Data entries:
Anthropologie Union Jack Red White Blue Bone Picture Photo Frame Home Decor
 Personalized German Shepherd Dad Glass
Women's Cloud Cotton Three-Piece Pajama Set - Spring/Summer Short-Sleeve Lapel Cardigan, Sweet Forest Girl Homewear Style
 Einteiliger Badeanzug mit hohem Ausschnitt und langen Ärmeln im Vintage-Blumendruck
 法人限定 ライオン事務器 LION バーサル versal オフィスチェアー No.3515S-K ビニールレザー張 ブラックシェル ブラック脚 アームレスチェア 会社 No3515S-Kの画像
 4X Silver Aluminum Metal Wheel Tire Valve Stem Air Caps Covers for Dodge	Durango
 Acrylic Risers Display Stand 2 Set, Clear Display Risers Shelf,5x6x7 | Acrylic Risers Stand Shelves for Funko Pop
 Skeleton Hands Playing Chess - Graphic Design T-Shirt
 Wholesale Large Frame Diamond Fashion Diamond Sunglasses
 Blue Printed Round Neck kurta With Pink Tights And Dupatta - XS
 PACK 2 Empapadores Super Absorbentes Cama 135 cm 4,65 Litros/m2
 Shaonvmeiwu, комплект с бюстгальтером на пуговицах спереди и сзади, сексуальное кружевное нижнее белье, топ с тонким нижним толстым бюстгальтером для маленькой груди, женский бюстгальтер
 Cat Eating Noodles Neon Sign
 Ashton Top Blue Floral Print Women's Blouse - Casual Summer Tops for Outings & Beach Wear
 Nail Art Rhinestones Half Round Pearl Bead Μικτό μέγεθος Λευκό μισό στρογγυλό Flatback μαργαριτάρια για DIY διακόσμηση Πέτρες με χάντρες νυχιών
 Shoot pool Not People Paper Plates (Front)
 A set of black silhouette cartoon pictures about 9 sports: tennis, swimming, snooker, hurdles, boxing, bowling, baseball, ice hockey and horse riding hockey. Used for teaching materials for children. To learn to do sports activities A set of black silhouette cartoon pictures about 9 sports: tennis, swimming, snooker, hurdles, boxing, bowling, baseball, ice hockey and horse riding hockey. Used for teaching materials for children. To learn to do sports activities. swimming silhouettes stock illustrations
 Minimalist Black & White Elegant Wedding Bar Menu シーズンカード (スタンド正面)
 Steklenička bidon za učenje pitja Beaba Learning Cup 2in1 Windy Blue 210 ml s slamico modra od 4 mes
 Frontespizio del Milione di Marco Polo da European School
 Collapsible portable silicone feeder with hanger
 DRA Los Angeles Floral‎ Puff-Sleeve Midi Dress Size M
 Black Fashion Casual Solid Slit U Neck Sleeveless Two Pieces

#### What you should do
Could you set down, exactly as written, the lines above between the one holding "4X Silver Aluminum" and the one holding "Shoot pool Not People Paper Plates (Front)", inclusive, and nothing more?

#### Worked solution
 4X Silver Aluminum Metal Wheel Tire Valve Stem Air Caps Covers for Dodge	Durango
 Acrylic Risers Display Stand 2 Set, Clear Display Risers Shelf,5x6x7 | Acrylic Risers Stand Shelves for Funko Pop
 Skeleton Hands Playing Chess - Graphic Design T-Shirt
 Wholesale Large Frame Diamond Fashion Diamond Sunglasses
 Blue Printed Round Neck kurta With Pink Tights And Dupatta - XS
 PACK 2 Empapadores Super Absorbentes Cama 135 cm 4,65 Litros/m2
 Shaonvmeiwu, комплект с бюстгальтером на пуговицах спереди и сзади, сексуальное кружевное нижнее белье, топ с тонким нижним толстым бюстгальтером для маленькой груди, женский бюстгальтер
 Cat Eating Noodles Neon Sign
 Ashton Top Blue Floral Print Women's Blouse - Casual Summer Tops for Outings & Beach Wear
 Nail Art Rhinestones Half Round Pearl Bead Μικτό μέγεθος Λευκό μισό στρογγυλό Flatback μαργαριτάρια για DIY διακόσμηση Πέτρες με χάντρες νυχιών
 Shoot pool Not People Paper Plates (Front)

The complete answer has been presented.